In 1927 Bolshaya Soldatskaya Street was named after the revolutionary Felix Edmundovich Dzerzhinsky.
He was born on September 11, 1877 in a Polish noble family. He spent his childhood in the family estate near Vilna (now Vilnius).
In 1884, Dzerzhinsky first got acquainted with the ideas of Marxism by joining the social-democratic circle of the Vilna gymnasium. A year later, he left his studies and devoted himself entirely to revolutionary work.
For 20 years, Dzerzhinsky’s life has been full of arrests, prisons, exile, escapes. He was sentenced to death several times. In 1906, he illegally visited Stockholm, where the congress of the RSDLP was held; there he met V.I. Lenin for the first time.

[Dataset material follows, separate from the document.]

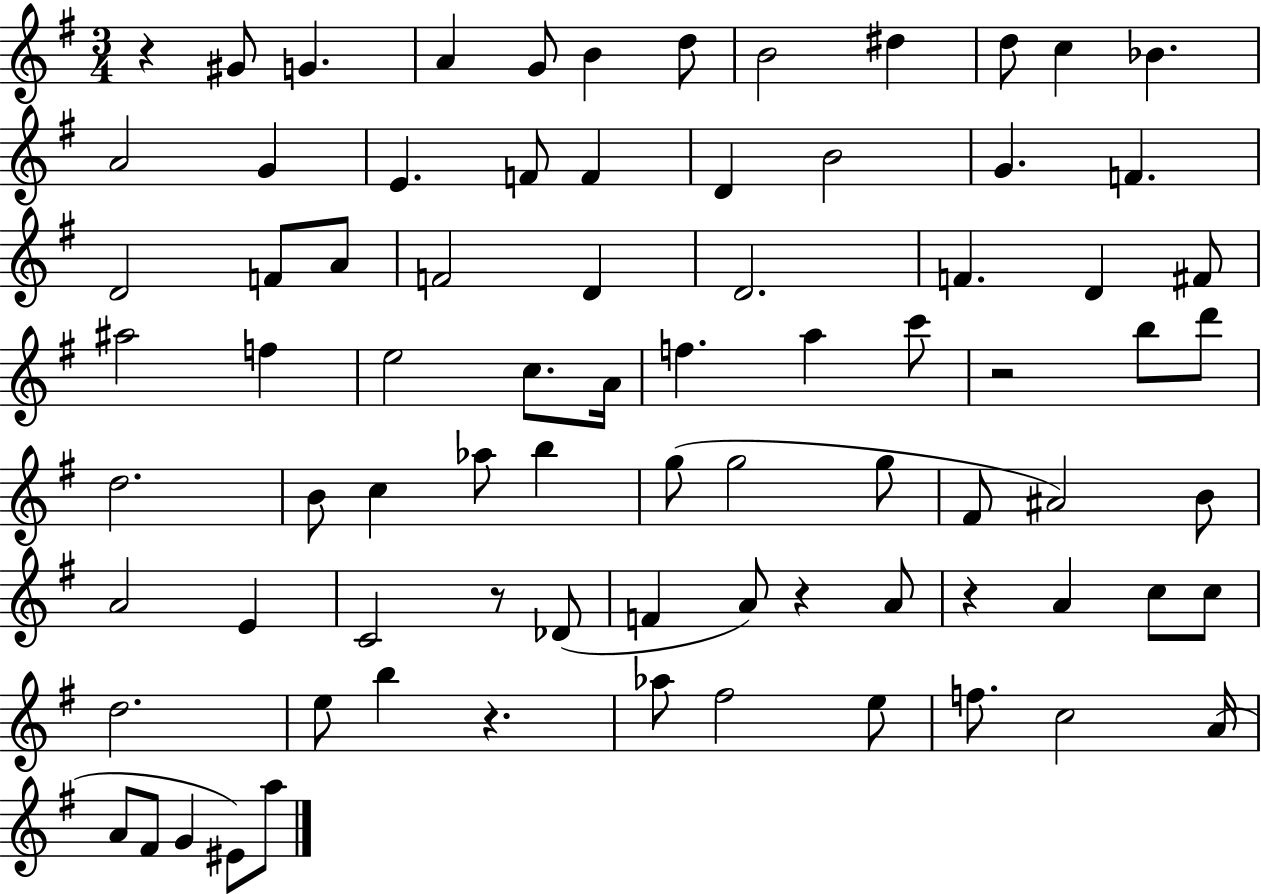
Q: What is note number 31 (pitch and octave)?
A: F5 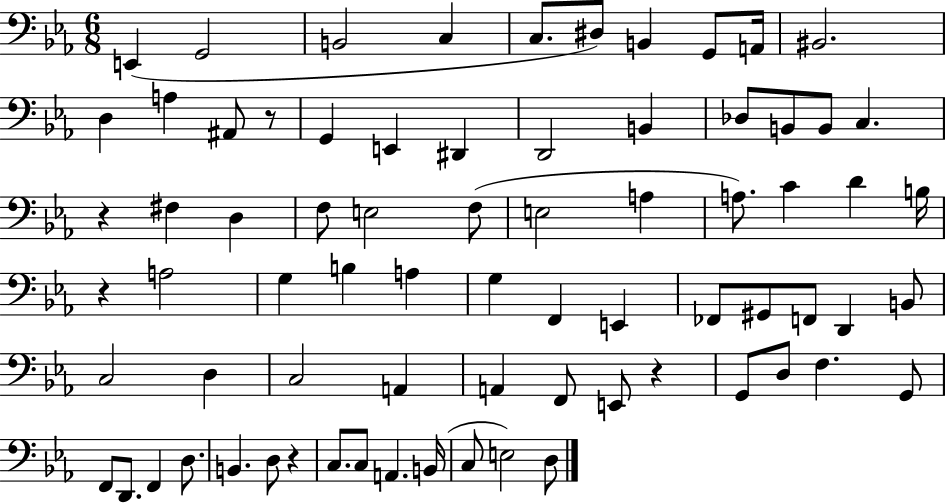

In 1917, during the February Revolution, together with other political prisoners, he was released from the Moscow Butyrskaya prison.
In August 1917, he became a member of the Central Committee of the RSDLP (b), joined the Central Committee for the preparation of an armed uprising. He took an active part in the October revolution.
On December 17, 1917, he was appointed chairman of the Cheka. An inflexible and tough fighter against any dissent, Dzerzhinsky became one of the leaders of the Red terror. It was he who, together with Lenin, initiated the persecution and expulsion abroad of representatives of the Russian intelligentsia, the seizure of church valuables, and the execution of clergy.
In the 1920s, Dzerzhinsky headed the People’s Commissariat of Railways, was chairman of the Commission on Combating Homelessness, in 1924 he became chairman of the Supreme Economic Council.
He died suddenly on July 20, 1926 in Moscow.